Below are the records; extract from them the line containing "View Baby (in Foster) the Cat Photo #1" to the line containing "IMG_20201023_172955", both lines included, exactly and with no pictures.

(Recorded data)
* * *

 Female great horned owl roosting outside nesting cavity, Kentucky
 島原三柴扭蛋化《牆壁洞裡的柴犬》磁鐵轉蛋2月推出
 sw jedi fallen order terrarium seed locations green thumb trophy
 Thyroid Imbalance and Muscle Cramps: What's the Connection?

* * *

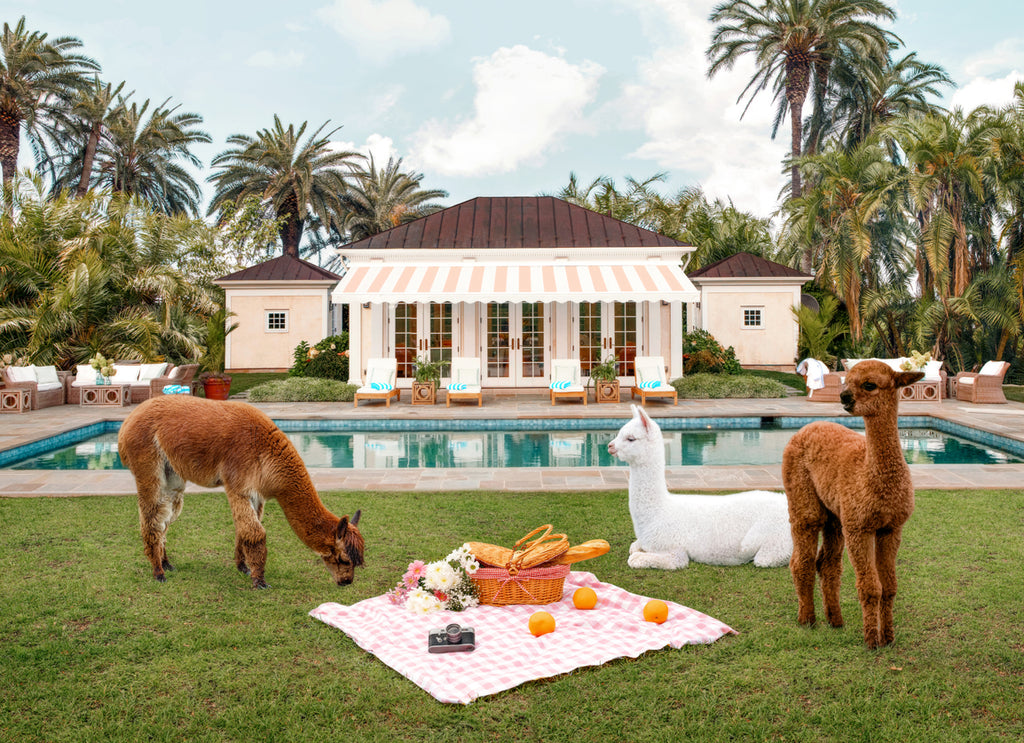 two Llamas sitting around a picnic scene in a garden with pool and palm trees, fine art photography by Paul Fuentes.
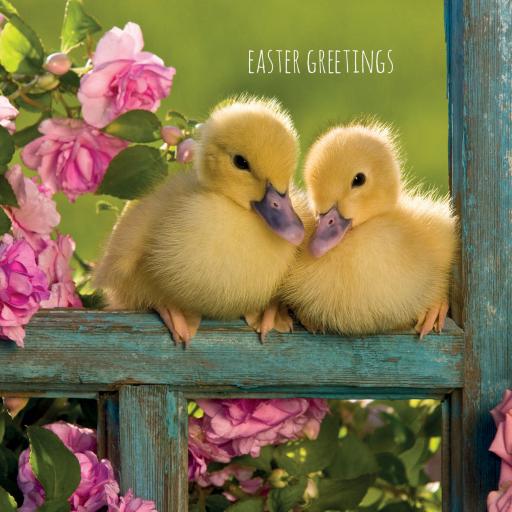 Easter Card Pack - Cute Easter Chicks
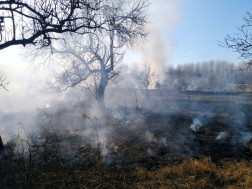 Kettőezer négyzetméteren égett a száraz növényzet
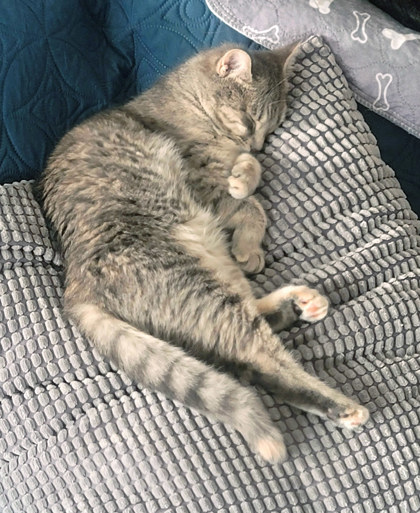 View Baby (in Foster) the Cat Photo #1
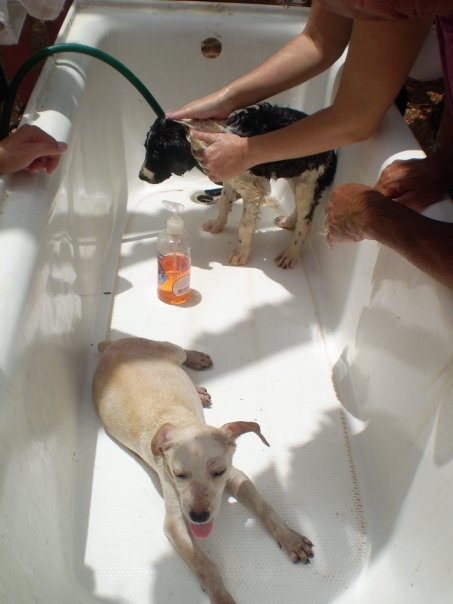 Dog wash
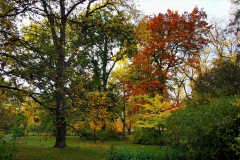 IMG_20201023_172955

* * *

(Response box)
 View Baby (in Foster) the Cat Photo #1
 Dog wash
 IMG_20201023_172955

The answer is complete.